My dear friend, I don’t want to bother you or make you homesick, but I can’t avoid telling you the news. Here, we’re hustling and dealing for our daily bread with spite and a bad taste in our mouths. And everybody’s smoking, because without a smoke, nobody survives this squeeze.
My dear friend, I wanted to call you, but the price of a call is nothing to laugh about. I’m distressed because I want you to know what’s going on. Here, there’s pushing and shoving and we have to swallow so many lies. And everybody’s loving, because without a little loving, nobody survives this squeeze.
My dear friend, I really wanted to write to you but the mail is a risky thing. But if this goes past them (the government), I’ll try to send fresh news on this tape… Marieta (Buarque’s wife) sends a kiss for you, a kiss for the family, for Cecilia, for the kids; Francisco (Buarque himself) also sends his regards. All the best and Goodbye…
So, there I was looking through some boxes this evening and I found all these cassettes, and among them was my Chico Buarque tape. I no longer have a cassette player and I can’t verify this but the last time I played this, it was hissing and would sometimes get stuck right in the last part of the song. It brought back so many memories and I thought I’d give you the gift my brother gave me 20 years ago. So for you, my dear friends, meus caros amigos, here’s Other favorite Buarque songs:
Construção
Apesar de você
Calice
Funeral de um lavrador
Francisco Buarque de Hollanda(born June 19, 1944 in Rio de Janeiro) is a Brazilian poet, singer, musician, songwriter and novelist who become famous for his music which comments on Brazil’s social, economic and cultural situation. His latest book, Budapeste, achieved great critical acclaim and won the Prêmio Jabuti, a brazilian award similar to The Booker Prize Award.
“I’m an amateur,” says the singer-songwriter turned bestselling novelist who turned 64 this June, “I’m not a professional. Yet somehow I manage to get away with it.” Modesty is a well-known Buarque trait. He is notoriously press-shy. To observe and write without exposing himself is what he has always sought for himself. Yet he is a man who has helped define Brazilian culture for the past four decades. In Brazil, he is nothing short of a national treasure. His lyrics are studied as part of the Portuguese BA curriculum and his songs are hummed and sung across the country.

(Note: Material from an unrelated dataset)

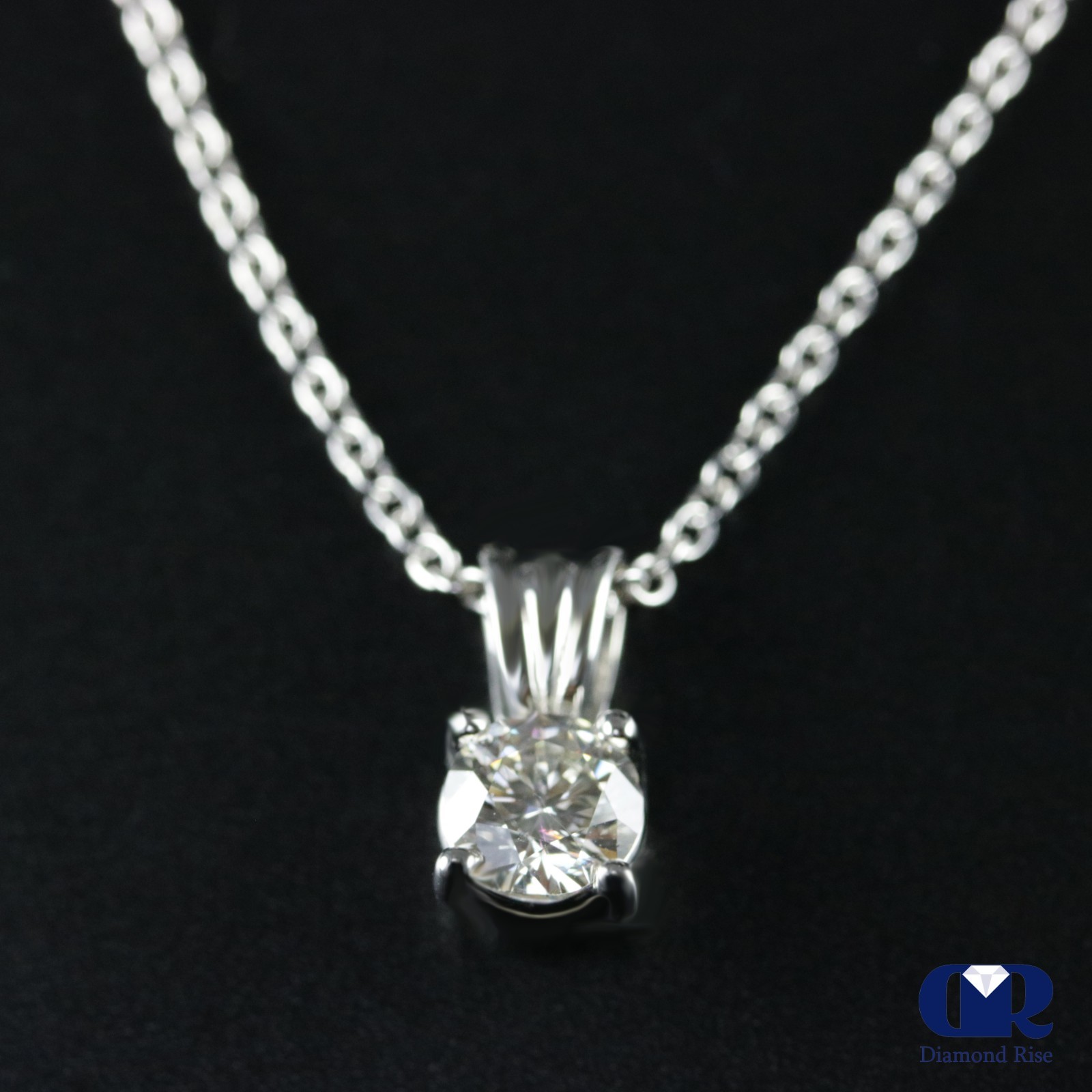 0.80 Ct Round Cut Diamond Solitaire 4 Prong Pendant Necklace 14KWG W/16″ Chain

‘Music kind of kidnapped me’ he says. Starting out composing songs in the Sixties, he went on to write hundreds of them. His gift as a social commentator was to inhabit the lives of Brazil’s disenfranchised. ‘Construcao’, a surrealist fantasy about a construction worker falling to his death became a popular classic, enamouring him to a public struggling with political repression under military rule. Exile is a recurrent theme in Buarque’s life and work. Buarque himself was jailed briefly and went into exile in Italy and France. He learnt the importance of words at a time when words were banned. Forced to submit his songs to government censors, nearly two-thirds of his material was rejected. “It was a challenge,” he says. ” I had to write 20 songs in order to get 2 past the censors.”
Playing ‘futebol’ with Bob Marley. Soccer is his earliest and most enduring passion. “I started playing soccer when I was four years old, and I still play every week.”